[What to produce]
With the pictures left aside, write out exactly the lines of the listing below from the line with "Il parroco di" to the line with "Cover Image for", both included, and only those.

[Data excerpts]
──────────────────────────────

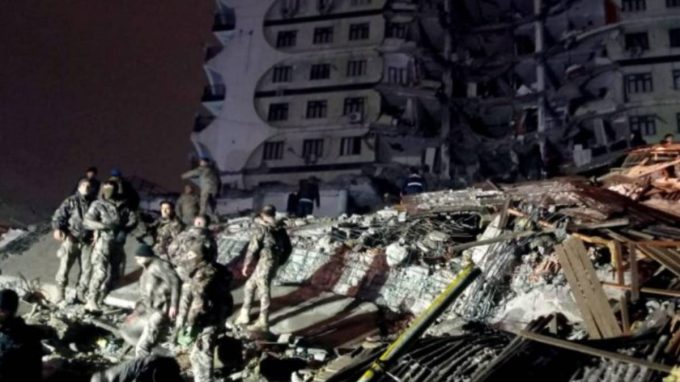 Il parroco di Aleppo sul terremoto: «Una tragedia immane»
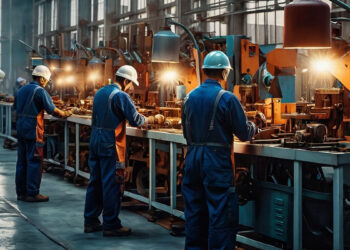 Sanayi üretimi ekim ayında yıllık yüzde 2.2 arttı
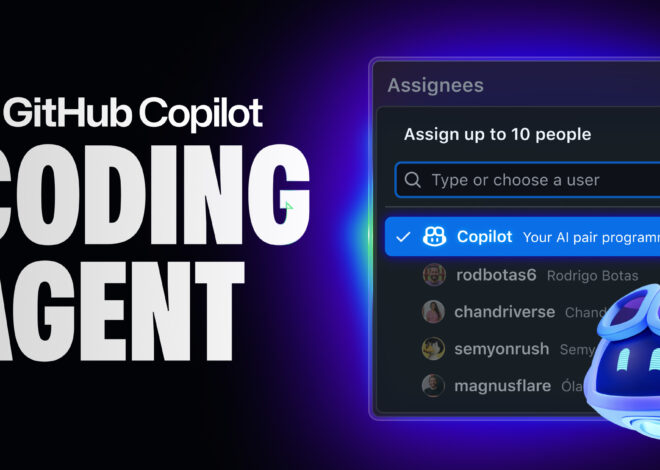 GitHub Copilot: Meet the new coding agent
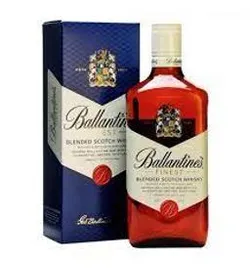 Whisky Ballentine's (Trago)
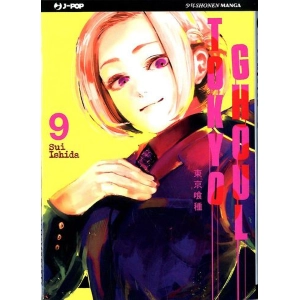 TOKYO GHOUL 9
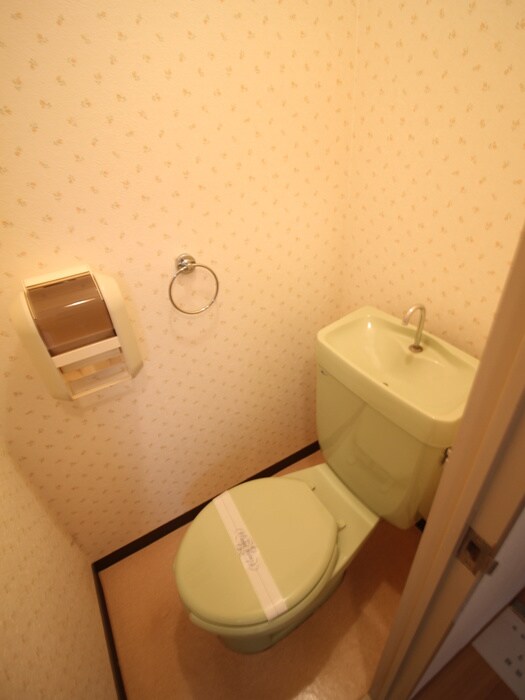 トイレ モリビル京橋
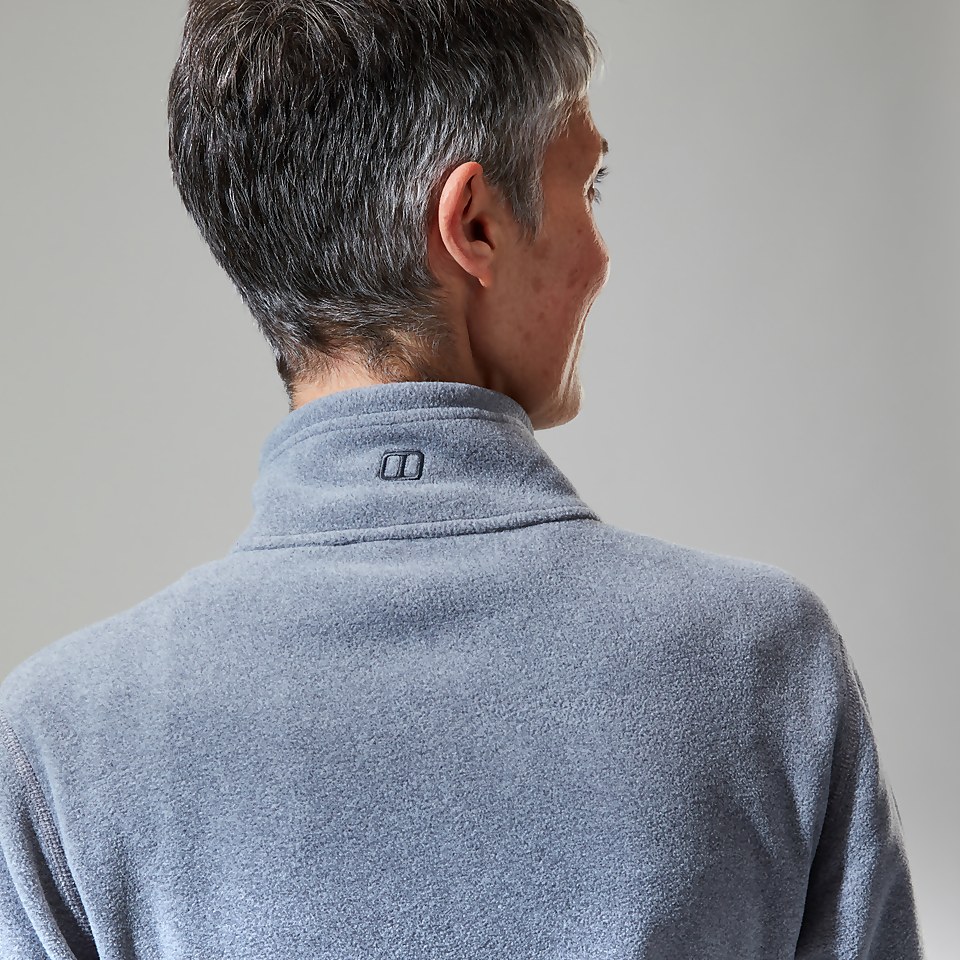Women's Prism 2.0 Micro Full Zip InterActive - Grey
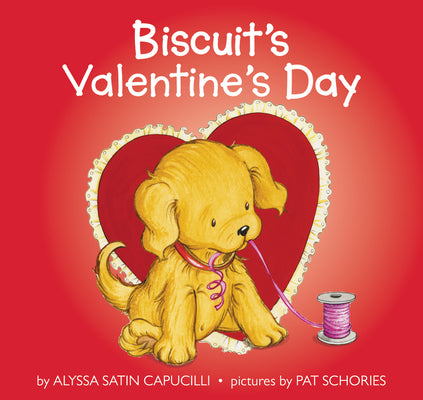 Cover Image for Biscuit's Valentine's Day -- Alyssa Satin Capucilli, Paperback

──────────────────────────────

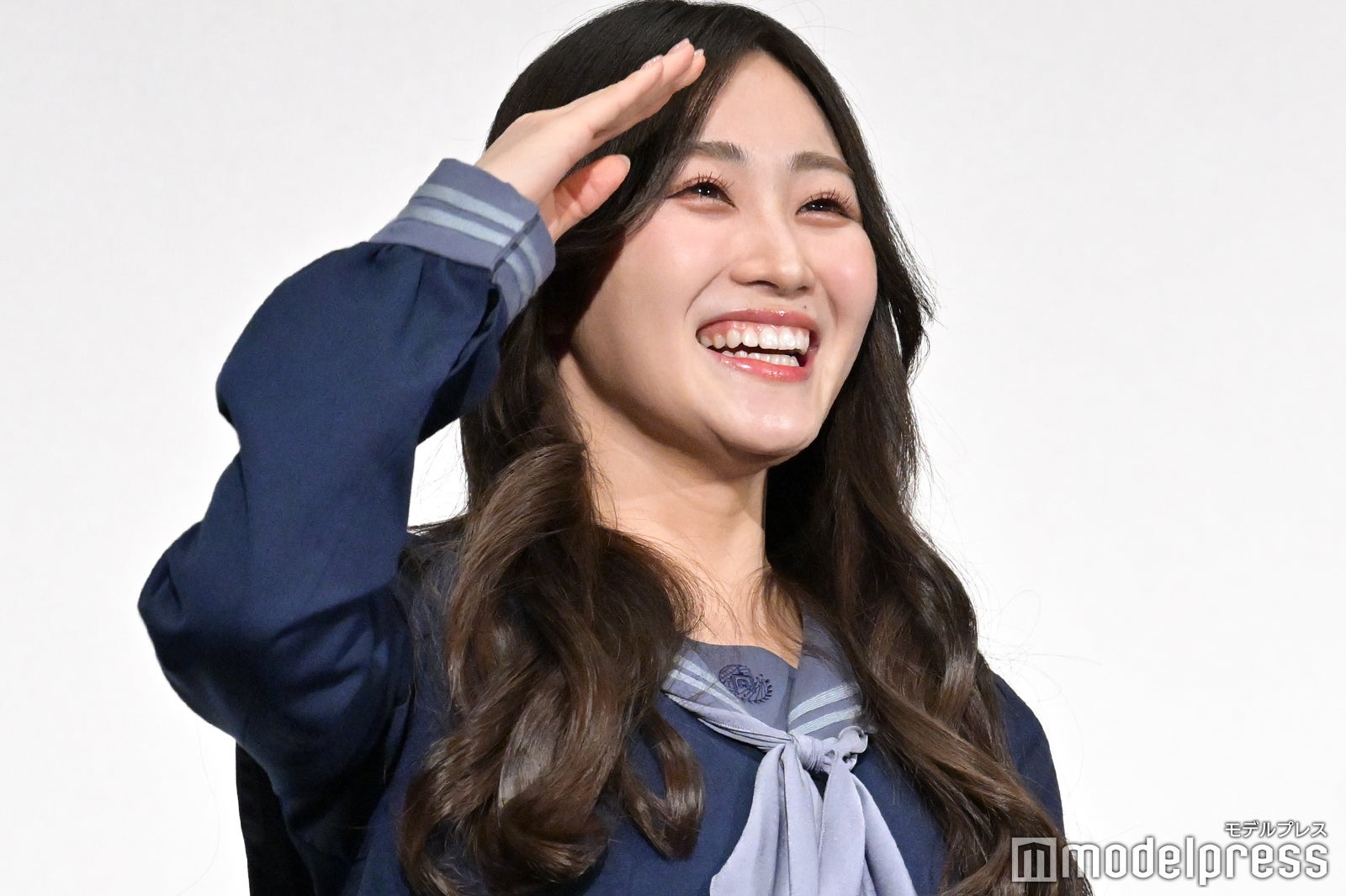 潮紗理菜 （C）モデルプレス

──────────────────────────────

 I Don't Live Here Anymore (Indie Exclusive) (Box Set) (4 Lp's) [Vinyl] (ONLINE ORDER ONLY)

──────────────────────────────

[Answer to this problem]
 Il parroco di Aleppo sul terremoto: «Una tragedia immane»
 Sanayi üretimi ekim ayında yıllık yüzde 2.2 arttı
 GitHub Copilot: Meet the new coding agent
 Whisky Ballentine's (Trago)
 TOKYO GHOUL 9
 トイレ モリビル京橋
Women's Prism 2.0 Micro Full Zip InterActive - Grey
 Cover Image for Biscuit's Valentine's Day -- Alyssa Satin Capucilli, Paperback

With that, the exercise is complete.